Task requirements » Could you give back exactly the lines below from the one with "Paperback Vintage Lined" through the one with "Foxanry-anillos de cadena", without a single picture?

Information given »
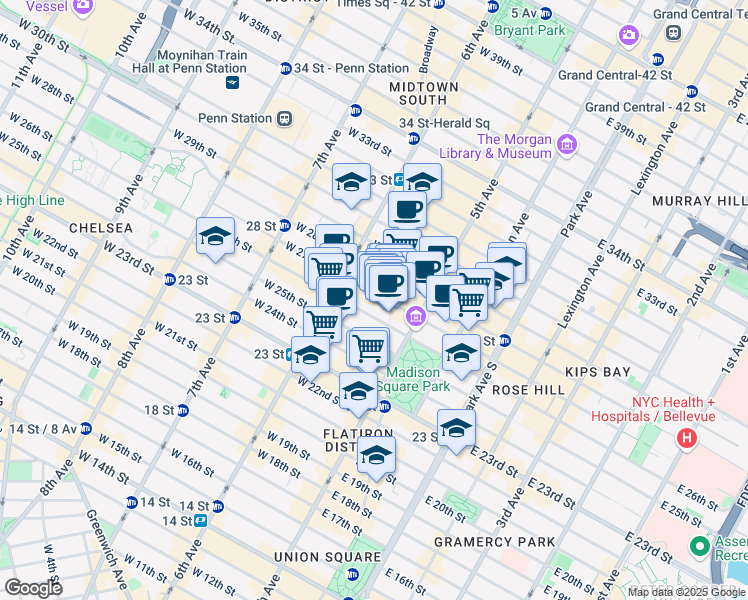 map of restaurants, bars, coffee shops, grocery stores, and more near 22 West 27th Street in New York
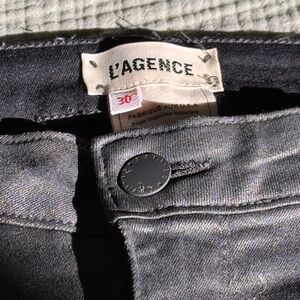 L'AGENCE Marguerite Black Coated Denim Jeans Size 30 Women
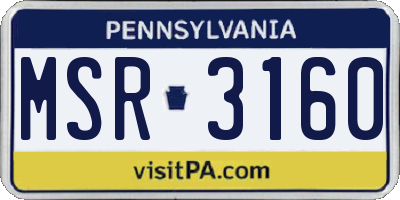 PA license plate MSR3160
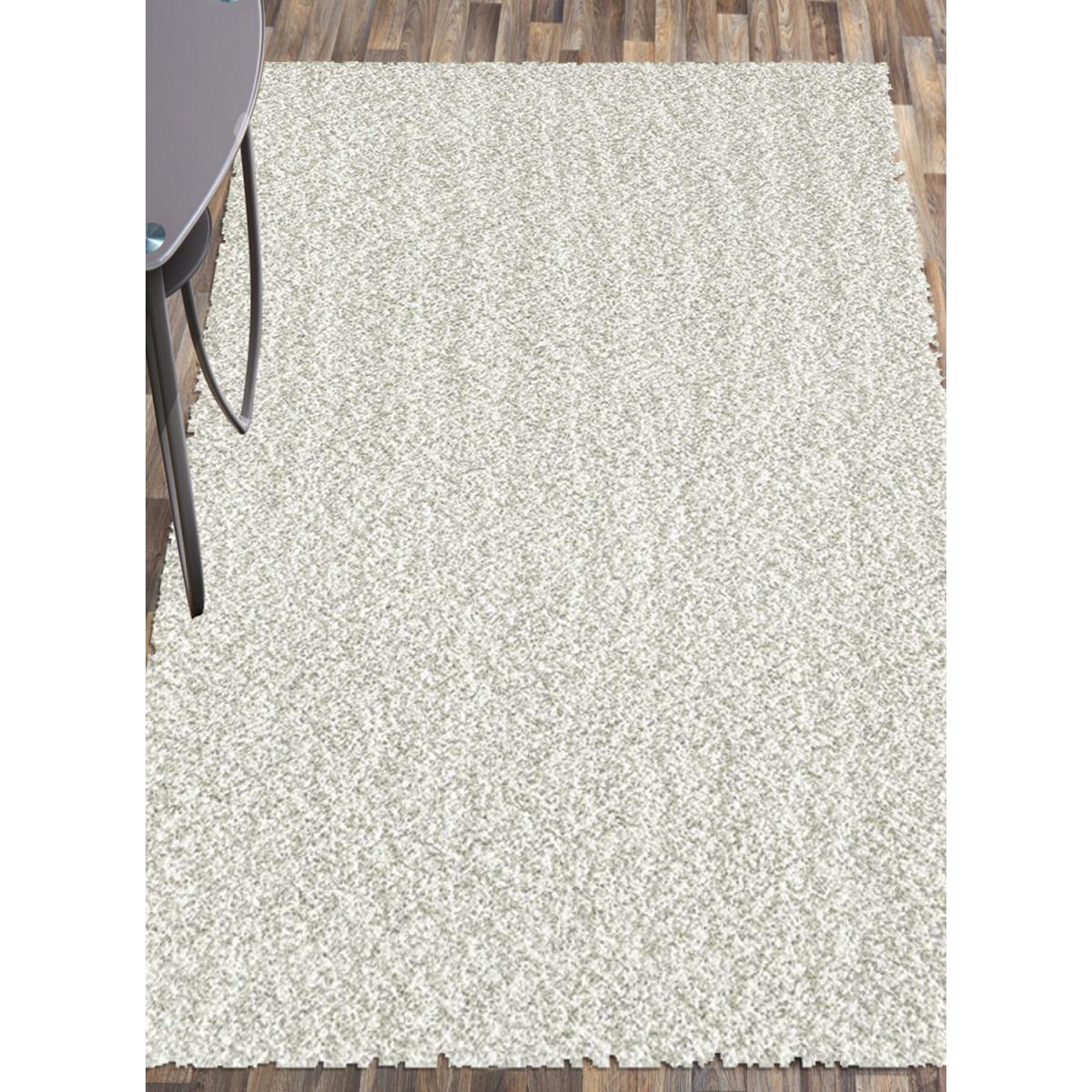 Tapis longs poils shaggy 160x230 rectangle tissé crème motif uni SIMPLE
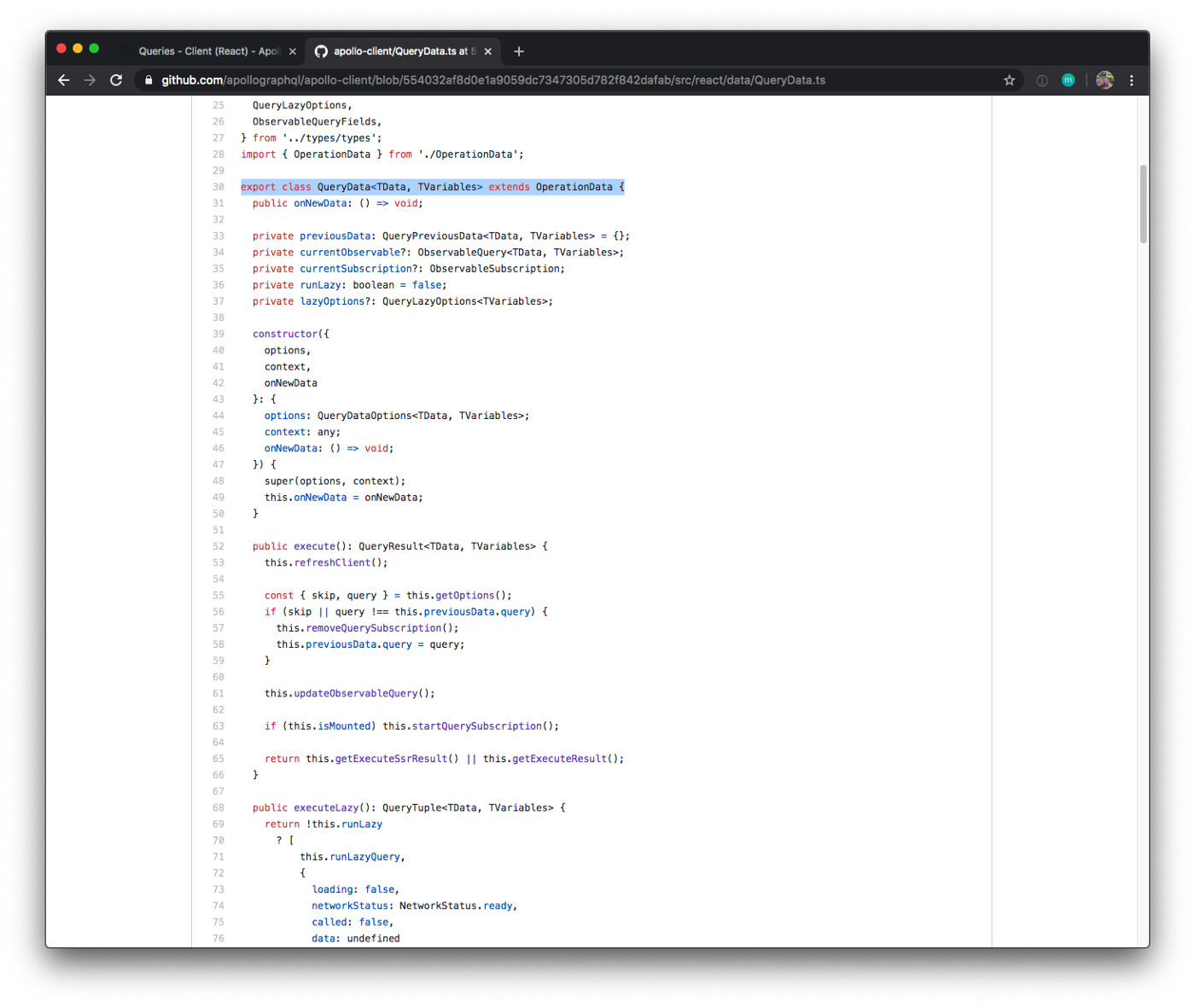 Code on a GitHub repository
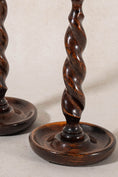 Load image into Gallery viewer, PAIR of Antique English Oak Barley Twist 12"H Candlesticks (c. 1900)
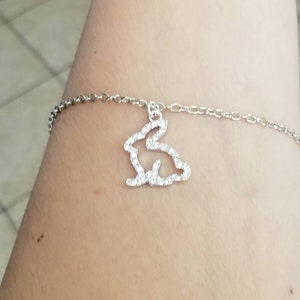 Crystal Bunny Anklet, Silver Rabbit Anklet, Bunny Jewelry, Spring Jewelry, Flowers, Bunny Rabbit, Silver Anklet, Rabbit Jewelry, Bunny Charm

* * *

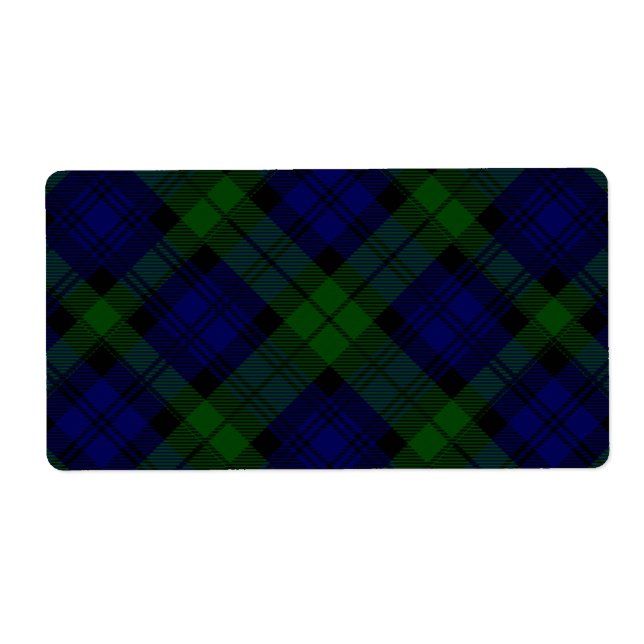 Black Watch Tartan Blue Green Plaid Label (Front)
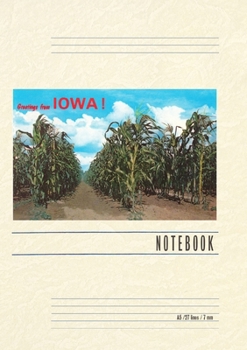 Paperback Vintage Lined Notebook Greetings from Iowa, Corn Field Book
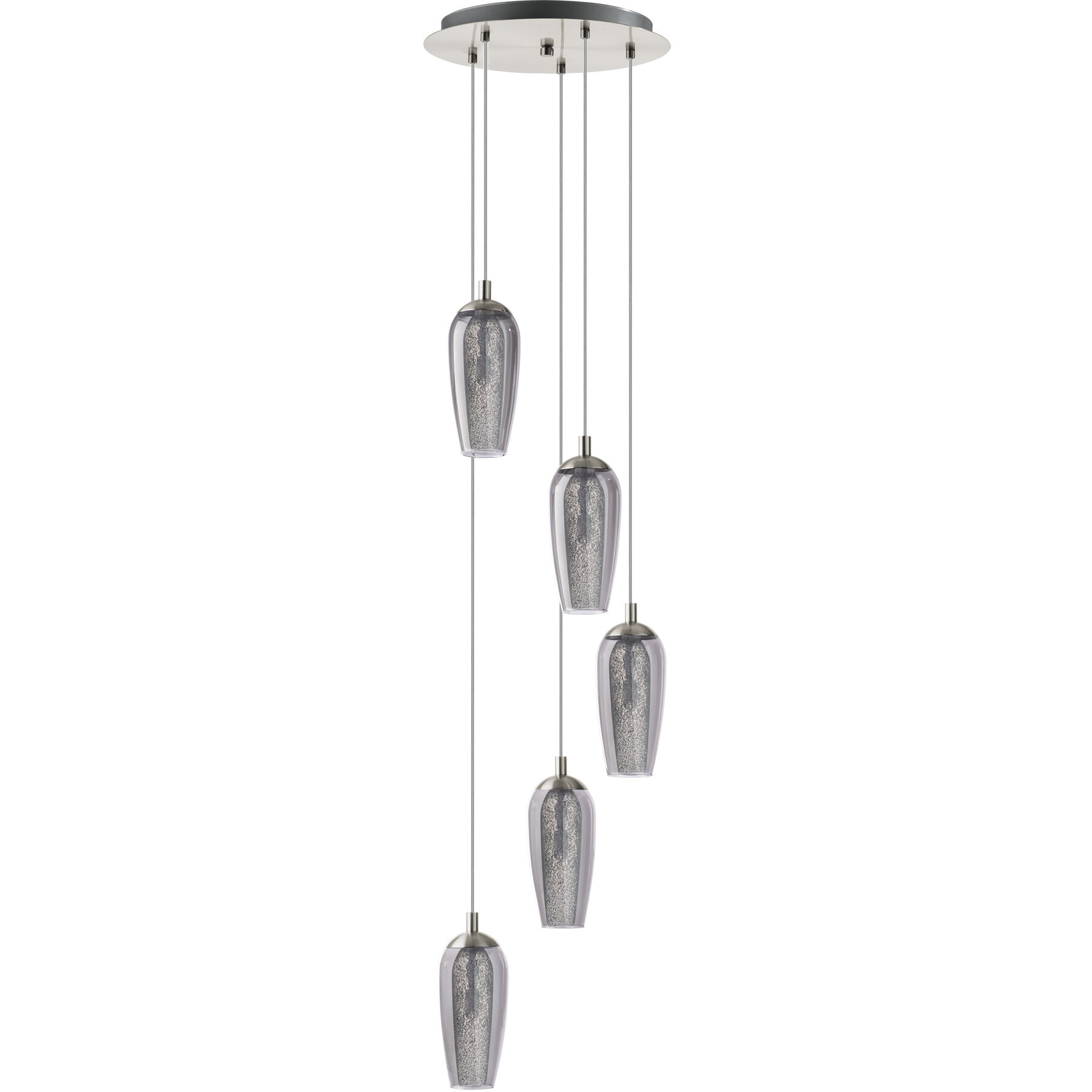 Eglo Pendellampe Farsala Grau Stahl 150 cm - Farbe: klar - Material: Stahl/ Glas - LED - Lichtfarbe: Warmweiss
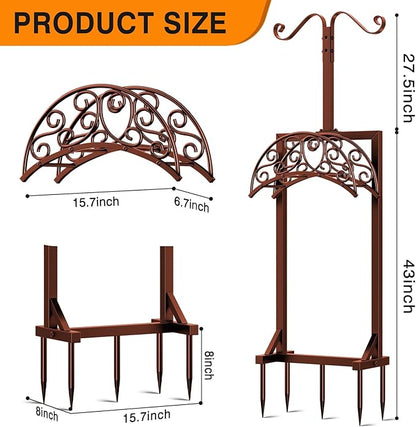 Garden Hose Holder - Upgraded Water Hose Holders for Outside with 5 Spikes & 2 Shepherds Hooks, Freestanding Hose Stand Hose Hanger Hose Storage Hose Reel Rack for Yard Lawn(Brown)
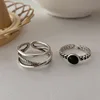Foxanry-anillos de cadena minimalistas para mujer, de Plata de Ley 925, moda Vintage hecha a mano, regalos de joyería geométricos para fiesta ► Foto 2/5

Written reply »
 Paperback Vintage Lined Notebook Greetings from Iowa, Corn Field Book
 Eglo Pendellampe Farsala Grau Stahl 150 cm - Farbe: klar - Material: Stahl/ Glas - LED - Lichtfarbe: Warmweiss
 Garden Hose Holder - Upgraded Water Hose Holders for Outside with 5 Spikes & 2 Shepherds Hooks, Freestanding Hose Stand Hose Hanger Hose Storage Hose Reel Rack for Yard Lawn(Brown)
Foxanry-anillos de cadena minimalistas para mujer, de Plata de Ley 925, moda Vintage hecha a mano, regalos de joyería geométricos para fiesta ► Foto 2/5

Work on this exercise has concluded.